(Items from a data source)

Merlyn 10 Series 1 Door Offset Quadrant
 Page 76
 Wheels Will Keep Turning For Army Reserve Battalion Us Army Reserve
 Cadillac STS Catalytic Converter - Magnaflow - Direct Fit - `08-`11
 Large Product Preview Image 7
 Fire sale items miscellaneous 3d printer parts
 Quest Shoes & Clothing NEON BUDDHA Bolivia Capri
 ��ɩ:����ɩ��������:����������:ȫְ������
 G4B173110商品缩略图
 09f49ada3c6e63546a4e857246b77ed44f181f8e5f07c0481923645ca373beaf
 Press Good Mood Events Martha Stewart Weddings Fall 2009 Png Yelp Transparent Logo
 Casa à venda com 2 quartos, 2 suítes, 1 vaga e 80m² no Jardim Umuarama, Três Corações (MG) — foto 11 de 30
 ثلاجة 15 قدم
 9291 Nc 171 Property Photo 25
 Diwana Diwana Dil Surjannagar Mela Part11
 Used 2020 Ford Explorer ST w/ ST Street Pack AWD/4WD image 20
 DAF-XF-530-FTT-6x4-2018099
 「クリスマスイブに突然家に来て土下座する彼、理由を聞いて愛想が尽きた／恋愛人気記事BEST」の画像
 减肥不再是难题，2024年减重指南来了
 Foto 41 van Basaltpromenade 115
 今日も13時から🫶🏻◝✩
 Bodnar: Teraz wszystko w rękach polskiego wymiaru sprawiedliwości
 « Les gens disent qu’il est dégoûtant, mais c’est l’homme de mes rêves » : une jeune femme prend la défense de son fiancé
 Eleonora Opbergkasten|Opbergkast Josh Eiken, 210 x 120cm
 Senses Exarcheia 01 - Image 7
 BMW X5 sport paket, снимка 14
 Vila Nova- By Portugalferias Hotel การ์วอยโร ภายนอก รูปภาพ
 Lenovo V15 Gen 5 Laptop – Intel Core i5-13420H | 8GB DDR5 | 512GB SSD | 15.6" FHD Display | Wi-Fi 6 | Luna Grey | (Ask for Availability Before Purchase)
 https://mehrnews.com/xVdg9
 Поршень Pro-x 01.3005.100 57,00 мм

:: What is expected ::
Retype every entry above, word for word.

:: The completed task ::
Merlyn 10 Series 1 Door Offset Quadrant
 Page 76
 Wheels Will Keep Turning For Army Reserve Battalion Us Army Reserve
 Cadillac STS Catalytic Converter - Magnaflow - Direct Fit - `08-`11
 Large Product Preview Image 7
 Fire sale items miscellaneous 3d printer parts
 Quest Shoes & Clothing NEON BUDDHA Bolivia Capri
 ��ɩ:����ɩ��������:����������:ȫְ������
 G4B173110商品缩略图
 09f49ada3c6e63546a4e857246b77ed44f181f8e5f07c0481923645ca373beaf
 Press Good Mood Events Martha Stewart Weddings Fall 2009 Png Yelp Transparent Logo
 Casa à venda com 2 quartos, 2 suítes, 1 vaga e 80m² no Jardim Umuarama, Três Corações (MG) — foto 11 de 30
 ثلاجة 15 قدم
 9291 Nc 171 Property Photo 25
 Diwana Diwana Dil Surjannagar Mela Part11
 Used 2020 Ford Explorer ST w/ ST Street Pack AWD/4WD image 20
 DAF-XF-530-FTT-6x4-2018099
 「クリスマスイブに突然家に来て土下座する彼、理由を聞いて愛想が尽きた／恋愛人気記事BEST」の画像
 减肥不再是难题，2024年减重指南来了
 Foto 41 van Basaltpromenade 115
 今日も13時から🫶🏻◝✩
 Bodnar: Teraz wszystko w rękach polskiego wymiaru sprawiedliwości
 « Les gens disent qu’il est dégoûtant, mais c’est l’homme de mes rêves » : une jeune femme prend la défense de son fiancé
 Eleonora Opbergkasten|Opbergkast Josh Eiken, 210 x 120cm
 Senses Exarcheia 01 - Image 7
 BMW X5 sport paket, снимка 14
 Vila Nova- By Portugalferias Hotel การ์วอยโร ภายนอก รูปภาพ
 Lenovo V15 Gen 5 Laptop – Intel Core i5-13420H | 8GB DDR5 | 512GB SSD | 15.6" FHD Display | Wi-Fi 6 | Luna Grey | (Ask for Availability Before Purchase)
 https://mehrnews.com/xVdg9
 Поршень Pro-x 01.3005.100 57,00 мм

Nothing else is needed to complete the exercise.